Sustentam que o acórdão do Tribunal de Justiça do Estado de Santa Catarina é eivado de nulidade, haja vista que deu provimento à apelação do Ministério Público para condenar o paciente à pena de 9 anos, 9 meses e 10 dias de reclusão, em regime fechado, pela prática do crime previsto no art. 157, § 2°, I e II, do Código Penal, apesar de a comprovação da autoria basear-se unicamente em “reconhecimento fotográfico inconclusivo por parte das vítimas, bem como uma referência à estatura e porte físico do Paciente quando do depoimento do ofendido Pedro Cardoso de Oliveira”. (p. 5)
Dessa forma, argumentam que não foi observado o procedimento previsto no art. 226 do Código de Processo Penal, de modo que a condenação do paciente é manifestamente ilegal.

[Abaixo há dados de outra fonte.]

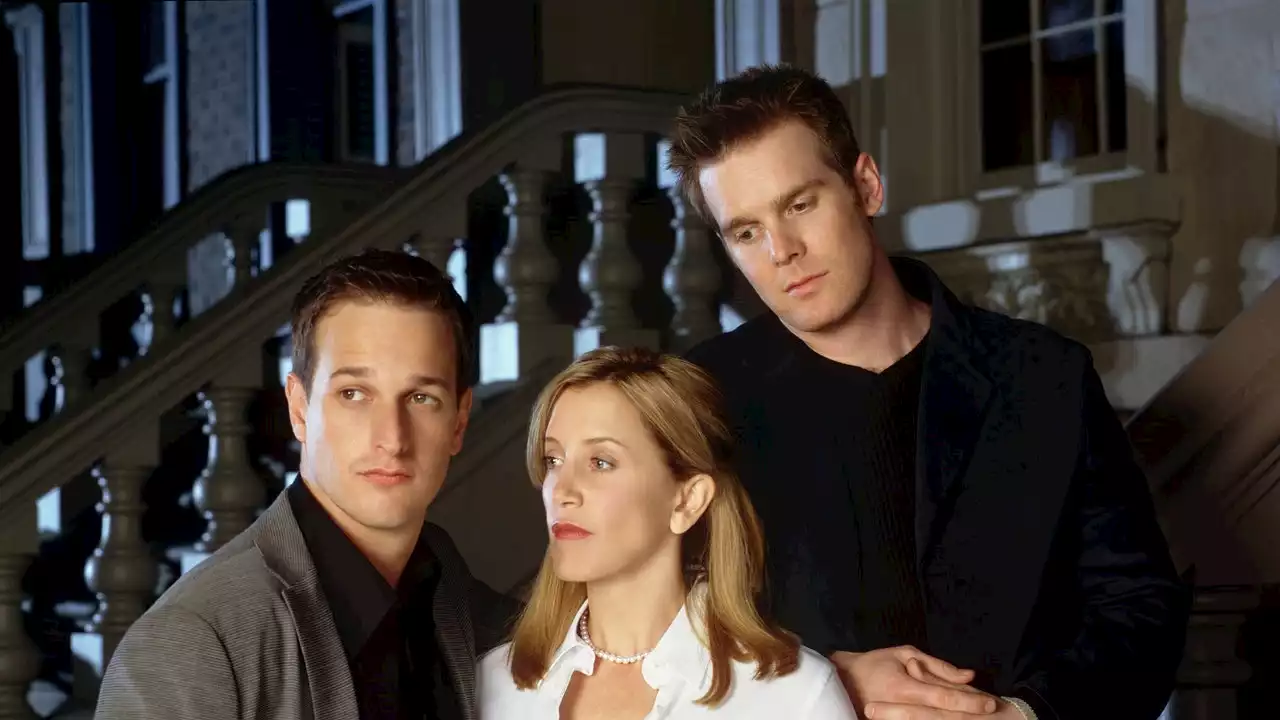 Josh Charles on Reading Aaron Sorkin’s Scripts: “Eh”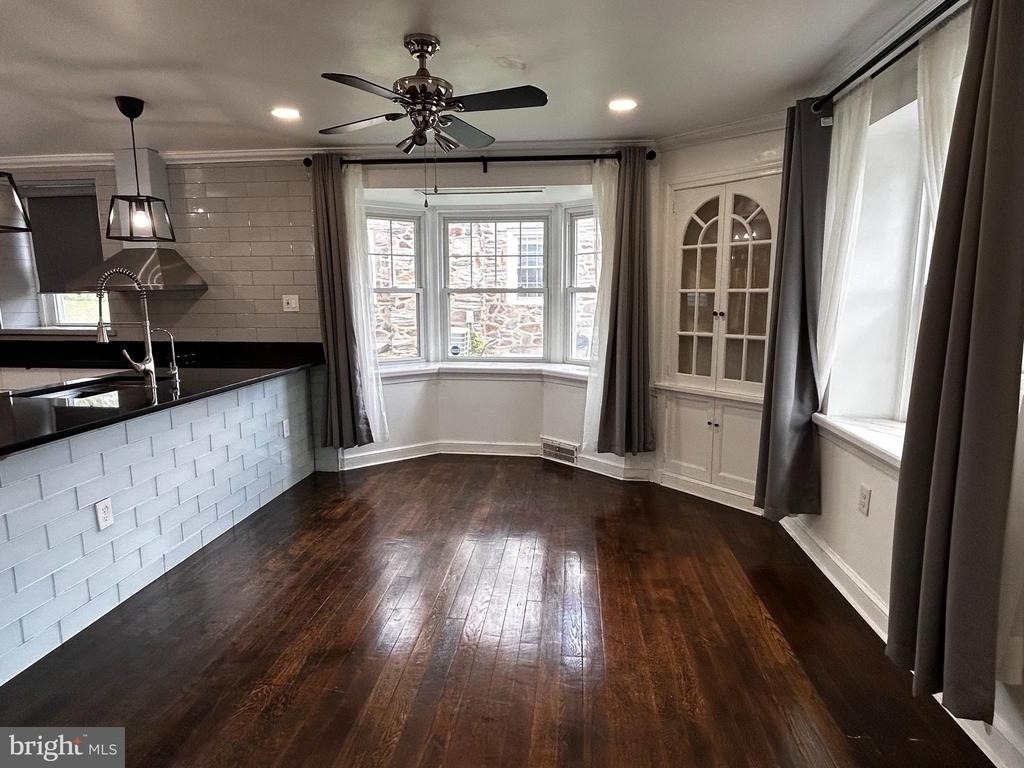 56 N New Ardmore Avenue - Photo 2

Pleiteiam a concessão da ordem de habeas corpus “para reconhecer a impropriedade da condenação proferida em sede de apelação pelo TJSC (art. 226 do CPP e reflexos), podendo e devendo ser restabelecida a absolvição originária do Paciente, por tudo que foi anteriormente destrinchado, para onde faço referência”. (p. 16)
É o relatório.
Decido.
O Superior Tribunal de Justiça negou provimento ao agravo regimental, mantendo a decisão monocrática que não conheceu do writ, amparada nos seguintes fundamentos:
“Analisando-se o conteúdo da documentação colacionada aos autos, não se verifica de plano qualquer violação ao ordenamento jurídico ou flagrante constrangimento ilegal, que implique ameaça de violência ou coação na liberdade de locomoção do paciente, nos termos da Lei nº 14.836, de 8/4/2024, publicada no Diário Oficial da União de 9/4/2024.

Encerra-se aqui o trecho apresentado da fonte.